Restate all of the entries exactly. Any picture in them should be skipped.

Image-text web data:
++++++

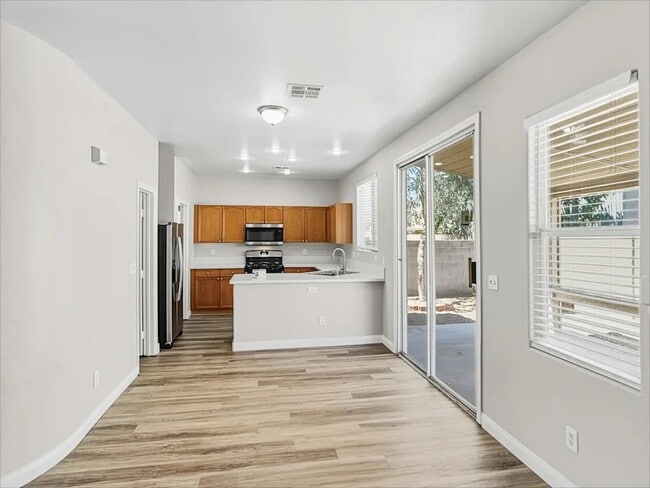 Photo - 1180 Antoinette St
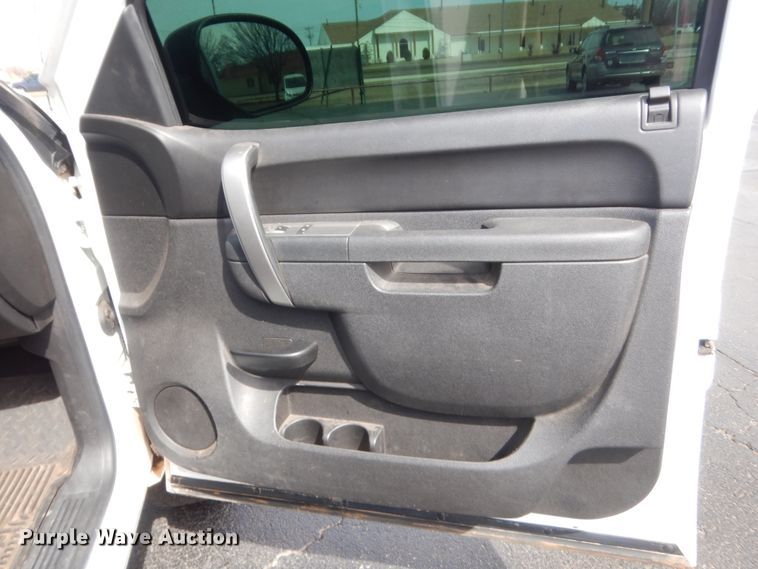 image for item HG9969 2012 GMC Sierra 1500  Crew Cab pickup truck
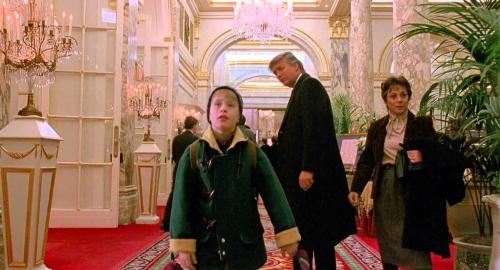Кстати, в кино Трамп впоследствии все же попал, правда, в качестве камео. Например,  в  1992 году бизнесмен сыграл эпизодическую роль (самого себя) в комедии «Один дома 2: Потерянный в Нью-Йорке». В коротком эпизоде Трамп подсказал заблудившемуся герою Маколея Калкина дорогу.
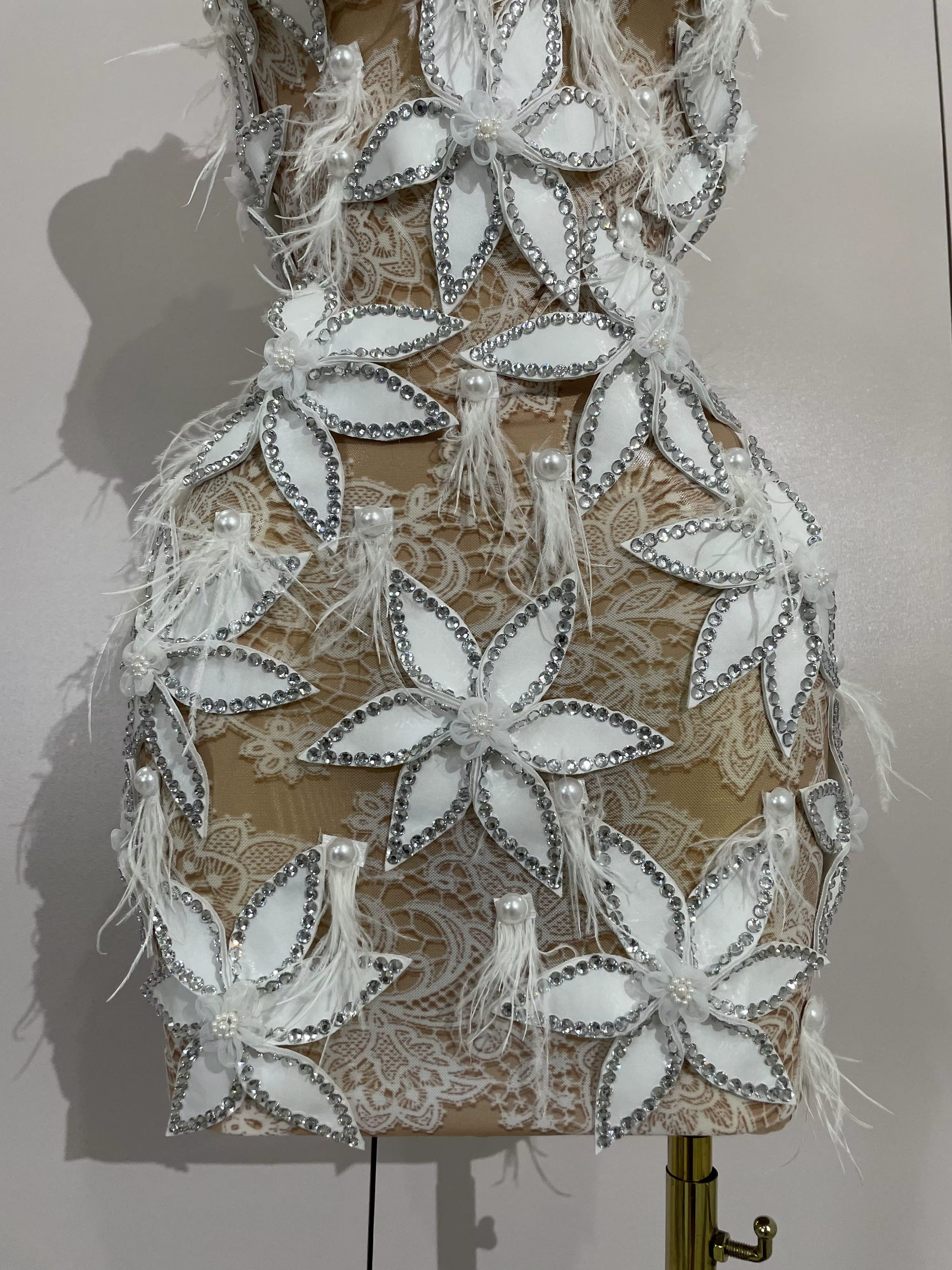 Sexy brillant diamant fleurs plumes blanc Transparent Slip robe courte soirée bal célébrer anniversa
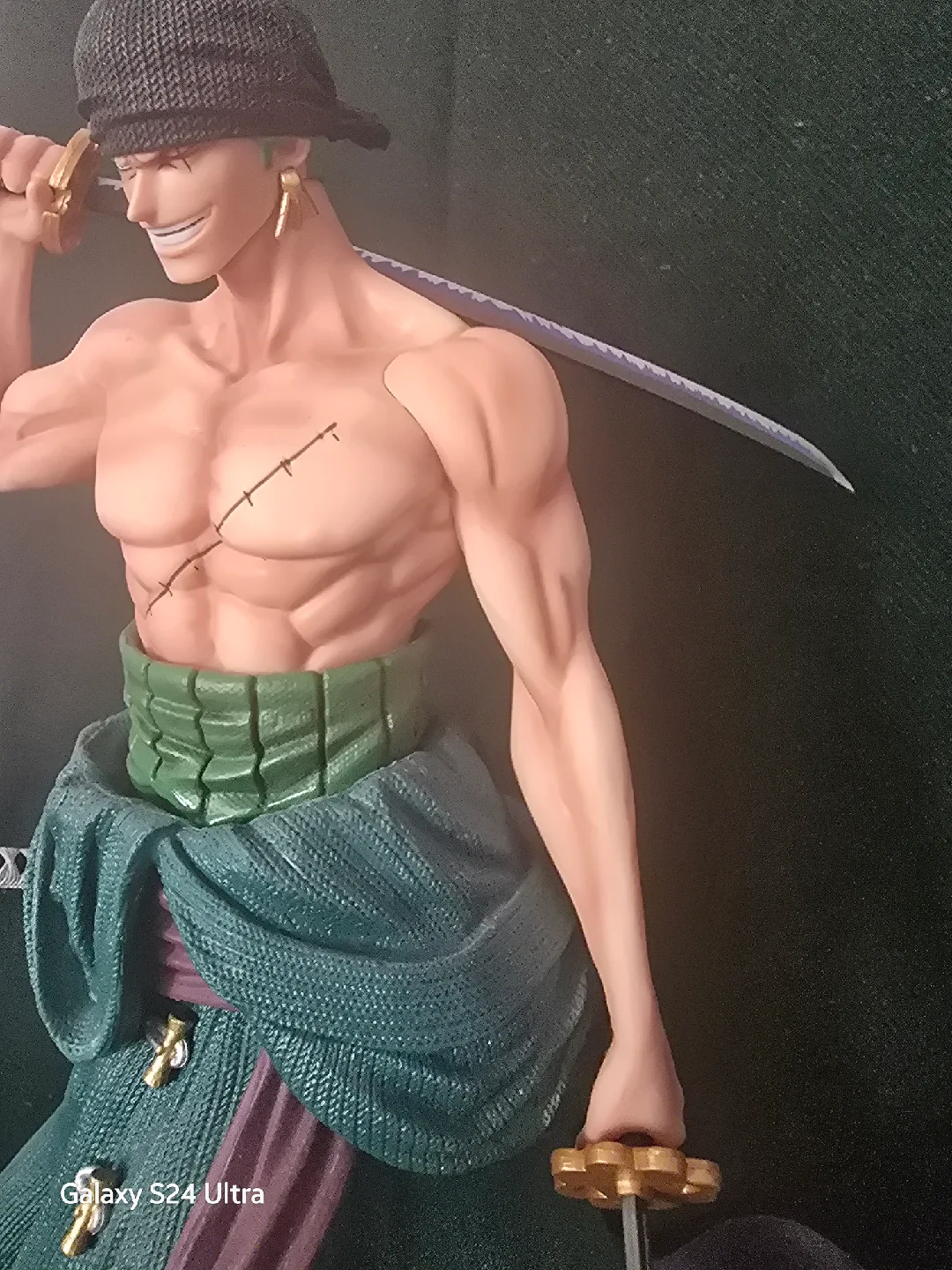 One Piece Roronoa Zoro Figurine 7.9inch image indicator(3)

++++++

WRITTEN ANSWER:
 Photo - 1180 Antoinette St
 image for item HG9969 2012 GMC Sierra 1500  Crew Cab pickup truck
Кстати, в кино Трамп впоследствии все же попал, правда, в качестве камео. Например,  в  1992 году бизнесмен сыграл эпизодическую роль (самого себя) в комедии «Один дома 2: Потерянный в Нью-Йорке». В коротком эпизоде Трамп подсказал заблудившемуся герою Маколея Калкина дорогу.
 Sexy brillant diamant fleurs plumes blanc Transparent Slip robe courte soirée bal célébrer anniversa
 One Piece Roronoa Zoro Figurine 7.9inch image indicator(3)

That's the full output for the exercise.